The parameters (strength, decay length of the EDL and oscillatory hydration forces, oscillatory wavelength) extracted from data fitting at different fluid compositions are listed in Table S2. Spatial 2D distributions of the fitting parameters across silica–gibbsite sample are plotted in Figure . Individual components (kHYD_OSC,kEDL) of the total force gradient (kTOT) are shown in Figures , 5, and S5. Analysis of the AFM data shows that the EDL force gradient between the SiO2 tip and the SiO2 substrate is repulsive and increases in strength (Table S2) with increasing pH and NaCl concentration (Figure S5). This is a result of an increasingly negative charge of the silica (Figure ) as the fraction of deprotonated SiO– groups rises with increasing pH and NaCl concentration.[43−45] On gibbsite, the EDL force is attractive (positive diffuse layer charge) under all investigated conditions and decreases with increasing pH from 4 to 9 (AEDL in Table S2 and Figure S5).[43−45] The decay length of the EDL interaction decreases from 2.4 ± 0.4 to 1.07 ± 0.17 nm with increasing salt concentration from 10 to 100 mM (similar to the Debye length, λD = 3 and 0.96 nm).

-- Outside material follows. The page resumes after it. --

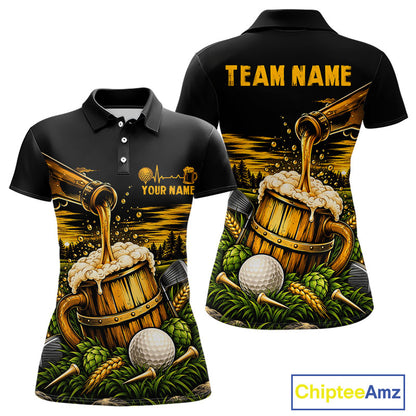 Custom Beer Pouring Golf Polo Shirt For Women Personalized Team Name Golf Tournament Apparel NYN4688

As expected, the experimental decay length is independent of the surface properties and the sign of the surface charge (see Figure and Table S2). The small deviations from the theoretically calculated Debye lengths at low concentrations are most probably due to the lower force sensitivity at large separations with rather the sharp tip.

Figure 3

Fitting parameters for gibbsite on silica in a 10 mM NaCl pH 6 solution using eq . Top row shows the total interaction stiffness (kint) at 2 nm from the surface (a) and amplitude (AEDL) and decay length (λEDL) of the electric double-layer force (b and c). Bottom row shows the height and oscillation period (σ) (d), amplitude (Aosc) force (e), and decay lengths (λosc) (f) of the oscillatory hydration force.

Figure 5

Structural hydration force gradient as a function of fluid composition. Top row is 10 mM NaCl, and bottom row is 100 mM NaCl. Decay length of the oscillatory hydration force for silica is λosc = 0.12 ± 0.01 nm. For gibbsite, λosc = 0.23 ± 0.02 nm. Periodicity of oscillatory hydration forces for gibbsite is σ = 0.34 ± 0.01 nm. For silica, σ = 0.4 ± 0.02 nm (see also Table S2).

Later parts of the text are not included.